Reputation: 10162
AMD OpenCL Programming Guide, Section 6.3 Constant Memory Optimization:
Globally scoped constant arrays. These arrays are initialized, globally scoped, and in the constant address space (as specified in section 6.5.3 of the OpenCL specification). If the size of an array is below 64 kB, it is placed in hardware constant buffers; otherwise, it uses global memory. An example of this is a lookup table for math functions.
I want to use this "globally scoped constant array". I have such code in pure C
#define SIZE 101
int *reciprocal_table;
int reciprocal(int number){
return reciprocal_table[number];
}
void kernel(int *output)
{
for(int i=0; i < SIZE; i+)
output[i] = reciprocal(i);
}
I want to port it into OpenCL
__kernel void kernel(__global int *output){
int gid = get_global_id(0);
output[gid] = reciprocal(gid);
}
int reciprocal(int number){
return reciprocal_table[number];
}
What should I do with global variable reciprocal_table
? If I try to add __global
or __constant
to it I get an error:
global variable must be declared in addrSpace constant
I don't want to pass __constant int *reciprocal_table
from kernel
to reciprocal
. Is it possible to initialize global variable somehow? I know that I can write it down into code, but does other way exist?
P.S. I'm using AMD OpenCL
UPD Above code is just an example. I have real much more complex code with a lot of functions. So I want to make array in program scope to use it in all functions.
UPD2 Changed example code and added citation from Programming Guide
Upvotes: 1
Views: 10449
Reputation: 540
#define SIZE 2
int constant array[SIZE] = {0, 1};
kernel void
foo (global int* input,
global int* output)
{
const uint id = get_global_id (0);
output[id] = input[id] + array[id];
}
I can get the above to compile with Intel as well as AMD. It also works without the initialization of the array but then you would not know what's in the array and since it's in the constant address space, you could not assign any values.
Program global variables have to be in the __constant address space, as stated by section 6.5.3 in the standard.
UPDATE Now, that I fully understood the question:
One thing that worked for me is to define the array in the constant space and then overwrite it by passing a kernel parameter constant int* array
which overwrites the array.
That produced correct results only on the GPU Device. The AMD CPU Device and the Intel CPU Device did not overwrite the arrays address. It also is probably not compliant to the standard.
Here's how it looks:
#define SIZE 2
int constant foo[SIZE] = {100, 100};
int
baz (int i)
{
return foo[i];
}
kernel void
bar (global int* input,
global int* output,
constant int* foo)
{
const uint id = get_global_id (0);
output[id] = input[id] + baz (id);
}
For input = {2, 3} and foo = {0, 1} this produces {2, 4} on my HD 7850 Device (Ubuntu 12.10, Catalyst 9.0.2). But on the CPU I get {102, 103} with either OCL Implementation (AMD, Intel). So I can not stress, how much I personally would NOT do this, because it's only a matter of time, before this breaks.

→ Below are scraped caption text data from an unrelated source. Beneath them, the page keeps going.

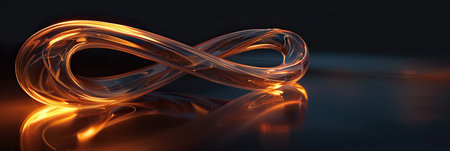 A mesmerizing geometric Mobius strip radiates a warm glow as it floats in the air, surrounded by a deep black background. This ethereal structure captivates the viewer with its simple yet striking design, evoking a sense of fantasy and wonder. The smooth curves and luminous colors create an enchanting visual experience.の素材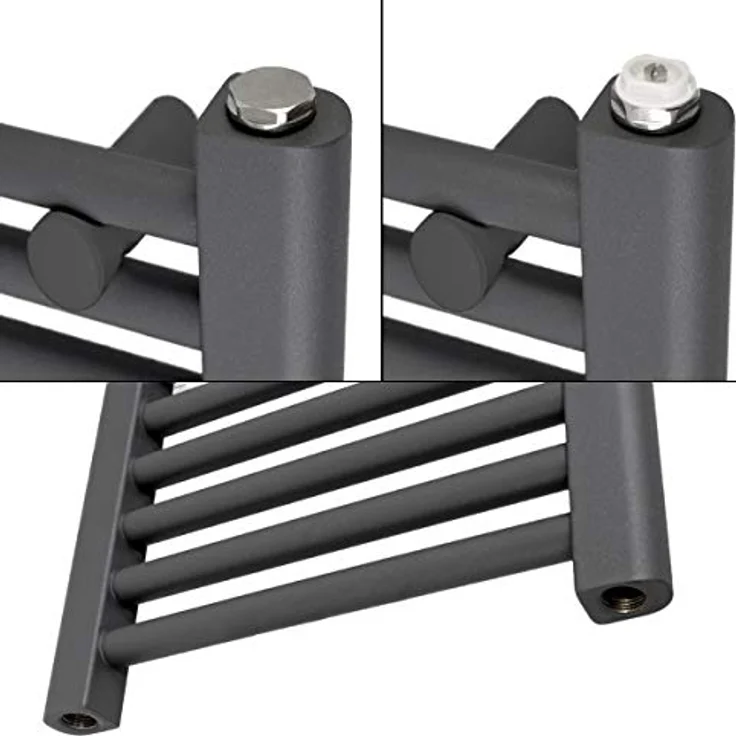 LuxeBath Badheizkörper 600 x 1800 mm, Anthrazit, gebogen mit Seitenanschluss und hoher Wärmeleistung (951 Watt) – Bild 3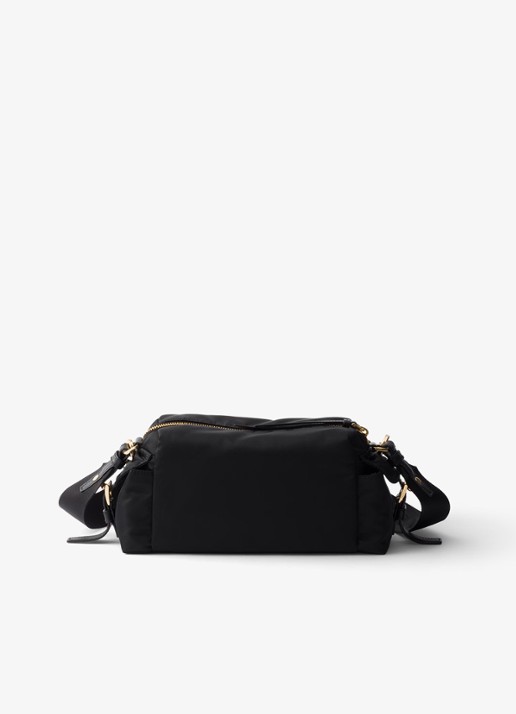 Prada Explore Re-Nylon Small schoudertas met leren details - achterkant 6 zwart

Another way to achieve this is would be to compute .h files with the host during runtime with the definition of the array (or predefine them) and pass them to the kernel upon compilation via a compiler option. This, of course, requires recompilation of the clProgram/clKernel for every different LUT.
Upvotes: 4
Reputation: 756
I struggled to get this work in my own program some time ago. I did not find any way to initialize a constant or global scope array from the host via some clEnqueueWriteBuffer or so. The only way is to write it explicitely in your .cl source file.
So here my trick to initialize it from the host is to use the fact that you are actually compiling your source from the host, which also means you can alter your src.cl file before compiling it.
First my src.cl file reads:
__constant double lookup[SIZE] = { LOOKUP }; // precomputed table (in constant memory).
double func(int idx) {
return(lookup[idx])
}
__kernel void ker1(__global double *in, __global double *out)
{
... do something ...
double t = func(i)
...
}
notice the lookup table is initialized with LOOKUP.
Then, in the host program, before compiling your OpenCL code:
on your host, run something like:
char *buf = (char*) malloc( 10000 );
int count = sprintf(buf, "#define LOOKUP "); // actual source generation !
for (int i=0;i<SIZE;i++) count += sprintf(buf+count, "%g, ",host_values[i]);
count += sprintf(buf+count,"\n");
then read the content of your source file src.cl and place it right at buf+count.
Upvotes: 1
Reputation: 6333
It looks like "array" is a look-up table of sorts. You'll need to clCreateBuffer and clEnqueueWriteBuffer so the GPU has a copy of it to use.
Upvotes: -1